Highlights & Insights

  1. Theoretical Innovation: For the first time, directly bridges numerical ODE solvers with sparsity-aware architecture optimization, unifying step-wise and token-wise acceleration decisions via a stability criterion.
  2. Adaptive Allocation: Different prompts automatically acquire distinct sparsity patterns without manual hyperparameter tuning or pre-searching.
  3. Principled Approximation: Utilizes the Adams-Moulton method and Lagrange interpolation to provide approximation schemes with bounded errors, rather than simply reusing noise.
  4. Broad Compatibility: Cross-architecture (UNet/DiT), cross-solver (Euler/DPM++), cross-modal (image/audio), and cross-task (ControlNet).
  5. Plug-and-Play: Training-free with no extra hyperparameter tuning, directly serving as a plugin for the sampling process.

Limitations & Future Work

  1. Unverified on Video Generation: The paper does not validate performance on video diffusion models (e.g., Sora-like architectures).
  2. Limited Acceleration in Extremely Few-Step Scenarios: At 15 steps, the speedup drops to \(\sim 1.25\times\), showing diminishing marginal returns.
  3. Stability Criterion Relies on Historic Cache: The initial steps require full computation to accumulate gradient history, introducing a cold-start overhead.
  4. Token Pruning vs.
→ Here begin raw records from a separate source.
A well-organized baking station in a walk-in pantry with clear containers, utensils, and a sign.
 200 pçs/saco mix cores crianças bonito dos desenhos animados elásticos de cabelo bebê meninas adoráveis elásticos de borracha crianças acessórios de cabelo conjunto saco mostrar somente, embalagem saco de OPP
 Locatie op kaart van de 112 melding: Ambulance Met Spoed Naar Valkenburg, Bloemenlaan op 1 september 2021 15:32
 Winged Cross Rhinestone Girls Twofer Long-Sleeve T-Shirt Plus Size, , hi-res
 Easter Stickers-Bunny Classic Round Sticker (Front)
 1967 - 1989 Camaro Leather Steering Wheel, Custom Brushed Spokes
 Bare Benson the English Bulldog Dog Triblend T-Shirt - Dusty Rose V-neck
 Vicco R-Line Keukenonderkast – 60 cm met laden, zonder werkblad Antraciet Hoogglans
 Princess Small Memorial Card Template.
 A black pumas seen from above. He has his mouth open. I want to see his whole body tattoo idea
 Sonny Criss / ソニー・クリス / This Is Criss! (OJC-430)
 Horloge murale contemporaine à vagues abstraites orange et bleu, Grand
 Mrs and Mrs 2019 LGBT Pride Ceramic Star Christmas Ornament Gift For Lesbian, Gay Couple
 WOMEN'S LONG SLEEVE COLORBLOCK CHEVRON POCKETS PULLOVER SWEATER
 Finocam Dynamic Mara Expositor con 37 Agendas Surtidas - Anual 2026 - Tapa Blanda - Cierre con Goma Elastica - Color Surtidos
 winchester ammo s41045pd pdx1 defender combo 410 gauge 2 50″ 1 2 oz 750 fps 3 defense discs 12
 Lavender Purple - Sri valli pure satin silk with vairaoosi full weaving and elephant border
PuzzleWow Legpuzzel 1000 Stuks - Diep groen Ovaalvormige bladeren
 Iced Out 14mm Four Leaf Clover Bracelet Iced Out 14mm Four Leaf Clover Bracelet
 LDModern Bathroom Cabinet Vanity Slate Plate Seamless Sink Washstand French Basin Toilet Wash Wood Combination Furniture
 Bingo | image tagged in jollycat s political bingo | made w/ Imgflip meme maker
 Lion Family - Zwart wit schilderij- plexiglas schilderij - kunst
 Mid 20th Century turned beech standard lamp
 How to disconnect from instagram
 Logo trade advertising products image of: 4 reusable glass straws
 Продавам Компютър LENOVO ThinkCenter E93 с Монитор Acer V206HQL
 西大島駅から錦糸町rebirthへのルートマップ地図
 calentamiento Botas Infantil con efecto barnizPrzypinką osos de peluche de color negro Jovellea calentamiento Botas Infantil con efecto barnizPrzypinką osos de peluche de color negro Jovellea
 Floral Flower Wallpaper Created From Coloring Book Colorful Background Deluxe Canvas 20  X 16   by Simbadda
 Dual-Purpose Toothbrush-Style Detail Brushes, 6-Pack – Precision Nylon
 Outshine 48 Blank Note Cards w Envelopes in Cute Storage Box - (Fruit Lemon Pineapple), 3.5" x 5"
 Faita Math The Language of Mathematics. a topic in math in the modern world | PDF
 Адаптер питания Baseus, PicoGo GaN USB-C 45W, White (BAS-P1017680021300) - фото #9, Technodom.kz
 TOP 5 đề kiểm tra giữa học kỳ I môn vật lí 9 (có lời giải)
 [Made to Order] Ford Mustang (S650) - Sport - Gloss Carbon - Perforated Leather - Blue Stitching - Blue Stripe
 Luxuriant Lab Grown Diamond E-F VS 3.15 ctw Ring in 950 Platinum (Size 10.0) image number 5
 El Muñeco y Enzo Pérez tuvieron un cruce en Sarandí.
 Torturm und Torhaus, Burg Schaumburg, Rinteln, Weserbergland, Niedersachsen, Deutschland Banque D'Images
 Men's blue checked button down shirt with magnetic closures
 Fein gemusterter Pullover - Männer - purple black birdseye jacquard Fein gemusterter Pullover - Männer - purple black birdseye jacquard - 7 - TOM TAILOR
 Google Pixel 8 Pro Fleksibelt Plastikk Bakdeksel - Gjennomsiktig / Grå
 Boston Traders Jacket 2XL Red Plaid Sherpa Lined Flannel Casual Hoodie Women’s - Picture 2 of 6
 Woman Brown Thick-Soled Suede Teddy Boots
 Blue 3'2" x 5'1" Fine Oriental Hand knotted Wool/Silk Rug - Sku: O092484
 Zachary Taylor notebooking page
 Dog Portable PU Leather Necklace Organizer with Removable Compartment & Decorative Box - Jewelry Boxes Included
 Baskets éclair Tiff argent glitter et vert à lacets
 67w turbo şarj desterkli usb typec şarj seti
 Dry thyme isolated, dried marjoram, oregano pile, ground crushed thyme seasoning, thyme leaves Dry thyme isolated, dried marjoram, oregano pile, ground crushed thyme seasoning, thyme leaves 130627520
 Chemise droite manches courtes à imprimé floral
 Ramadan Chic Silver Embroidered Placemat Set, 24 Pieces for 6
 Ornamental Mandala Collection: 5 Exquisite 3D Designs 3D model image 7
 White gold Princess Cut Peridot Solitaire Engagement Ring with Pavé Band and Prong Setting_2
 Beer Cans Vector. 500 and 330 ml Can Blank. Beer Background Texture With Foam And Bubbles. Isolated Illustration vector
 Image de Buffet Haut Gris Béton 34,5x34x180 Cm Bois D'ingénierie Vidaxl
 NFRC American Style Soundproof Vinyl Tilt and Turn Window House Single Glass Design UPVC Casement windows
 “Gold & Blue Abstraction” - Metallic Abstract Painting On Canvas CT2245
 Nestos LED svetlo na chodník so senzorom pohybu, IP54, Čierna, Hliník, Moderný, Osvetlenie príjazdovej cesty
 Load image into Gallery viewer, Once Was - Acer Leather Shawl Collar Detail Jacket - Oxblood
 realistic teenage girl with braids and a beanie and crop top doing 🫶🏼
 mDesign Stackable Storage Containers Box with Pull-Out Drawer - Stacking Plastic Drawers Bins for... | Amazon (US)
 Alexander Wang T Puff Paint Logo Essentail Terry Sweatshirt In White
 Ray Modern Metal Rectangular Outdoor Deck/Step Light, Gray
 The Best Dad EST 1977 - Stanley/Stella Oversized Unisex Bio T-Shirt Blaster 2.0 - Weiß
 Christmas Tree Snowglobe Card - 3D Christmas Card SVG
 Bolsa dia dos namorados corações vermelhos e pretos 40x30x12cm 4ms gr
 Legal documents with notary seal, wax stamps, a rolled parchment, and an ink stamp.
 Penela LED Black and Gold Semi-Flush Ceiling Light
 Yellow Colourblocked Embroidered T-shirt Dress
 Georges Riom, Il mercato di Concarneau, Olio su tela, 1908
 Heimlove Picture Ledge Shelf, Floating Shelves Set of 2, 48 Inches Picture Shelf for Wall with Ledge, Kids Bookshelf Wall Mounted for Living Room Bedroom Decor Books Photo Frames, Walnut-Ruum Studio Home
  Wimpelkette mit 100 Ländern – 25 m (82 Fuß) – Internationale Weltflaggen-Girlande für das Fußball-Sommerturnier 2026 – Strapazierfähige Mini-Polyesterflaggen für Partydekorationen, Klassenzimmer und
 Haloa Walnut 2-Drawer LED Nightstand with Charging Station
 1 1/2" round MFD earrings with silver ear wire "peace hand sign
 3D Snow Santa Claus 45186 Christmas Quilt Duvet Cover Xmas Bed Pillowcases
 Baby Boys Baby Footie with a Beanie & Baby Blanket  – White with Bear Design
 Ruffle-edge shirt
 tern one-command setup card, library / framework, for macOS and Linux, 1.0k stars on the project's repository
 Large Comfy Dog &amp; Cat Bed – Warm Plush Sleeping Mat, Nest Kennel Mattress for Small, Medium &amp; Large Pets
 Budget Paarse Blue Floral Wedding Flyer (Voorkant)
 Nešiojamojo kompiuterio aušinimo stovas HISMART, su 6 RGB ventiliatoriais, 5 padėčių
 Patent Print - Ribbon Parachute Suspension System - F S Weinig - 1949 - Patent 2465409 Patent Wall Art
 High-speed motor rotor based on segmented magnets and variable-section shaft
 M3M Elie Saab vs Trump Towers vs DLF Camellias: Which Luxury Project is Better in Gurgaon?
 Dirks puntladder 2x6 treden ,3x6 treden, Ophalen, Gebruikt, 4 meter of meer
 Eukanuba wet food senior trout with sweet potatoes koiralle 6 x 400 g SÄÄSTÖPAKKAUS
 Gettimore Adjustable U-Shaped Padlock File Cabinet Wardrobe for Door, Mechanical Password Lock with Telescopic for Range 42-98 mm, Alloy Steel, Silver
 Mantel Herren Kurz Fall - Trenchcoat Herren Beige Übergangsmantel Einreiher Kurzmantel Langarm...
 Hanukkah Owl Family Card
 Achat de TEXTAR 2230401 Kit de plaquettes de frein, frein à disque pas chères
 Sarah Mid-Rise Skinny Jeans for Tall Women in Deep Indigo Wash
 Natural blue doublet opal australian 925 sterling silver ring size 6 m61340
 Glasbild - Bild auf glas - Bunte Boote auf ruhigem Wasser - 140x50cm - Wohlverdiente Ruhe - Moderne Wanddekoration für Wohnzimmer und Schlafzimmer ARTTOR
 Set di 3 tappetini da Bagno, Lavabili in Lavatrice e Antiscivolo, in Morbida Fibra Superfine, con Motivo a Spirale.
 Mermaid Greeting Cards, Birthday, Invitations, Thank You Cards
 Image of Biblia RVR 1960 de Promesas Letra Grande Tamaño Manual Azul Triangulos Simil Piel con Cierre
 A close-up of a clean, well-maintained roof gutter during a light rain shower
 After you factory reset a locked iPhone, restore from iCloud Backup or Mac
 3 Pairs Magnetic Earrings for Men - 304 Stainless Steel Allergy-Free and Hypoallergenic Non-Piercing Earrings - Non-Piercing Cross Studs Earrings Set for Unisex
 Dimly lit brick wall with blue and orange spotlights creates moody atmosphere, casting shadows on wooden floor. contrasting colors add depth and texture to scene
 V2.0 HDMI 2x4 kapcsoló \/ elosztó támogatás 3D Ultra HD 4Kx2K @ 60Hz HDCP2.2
Token Merging: The paper chooses token pruning over merging (with appendix analyses showing merging acts as a low-pass filter), though merging might be superior in certain scenarios.
  5. Single-GPU Evaluation: Acceleration performance in multi-GPU distributed settings remains unreported.
  • DeepCache (Ma et al., 2024): Caches intermediate features of UNet and reuses them at fixed intervals; SADA's adaptive strategy significantly outperforms its fixed patterns.
  • AdaptiveDiffusion (Ye et al., 2024): Uses third-order differences to determine whether to skip steps but directly reuses noise without correction; SADA introduces ODE gradients for principled corrections.
  • TeaCache (Liu et al., 2025): Introduces an accumulated error threshold for caching decisions; SADA reduces its FID on Flux from 4.89 to 1.95.
  • DPM-Solver Series (Lu et al., 2022): High-order ODE solvers, to which SADA is orthogonal and complementary.
  • Token Merging (Bolya & Hoffman, 2023): Merges similar tokens to reduce attention computation, whereas SADA opts for a pruning + cache scheme.

Rating

  • Novelty: ⭐⭐⭐⭐ — Unifying step-wise and token-wise decisions via a stability criterion is a brand-new paradigm, and the bridge between ODE solvers and architectural sparsity has theoretical depth.
  • Experimental Thoroughness: ⭐⭐⭐⭐ — Three mainstream models \(\times\) two solvers \(\times\) multi-step ablation + cross-modal validation, which is relatively comprehensive.
  • Writing Quality: ⭐⭐⭐⭐ — Rigorous theoretical derivation, clear notation system, and intuitive figures.
  • Value: ⭐⭐⭐⭐⭐ — A practical plug-and-play acceleration scheme, offering \(1.8\text{-}2\times\) speedup with high fidelity, possessing direct value for industrial deployment.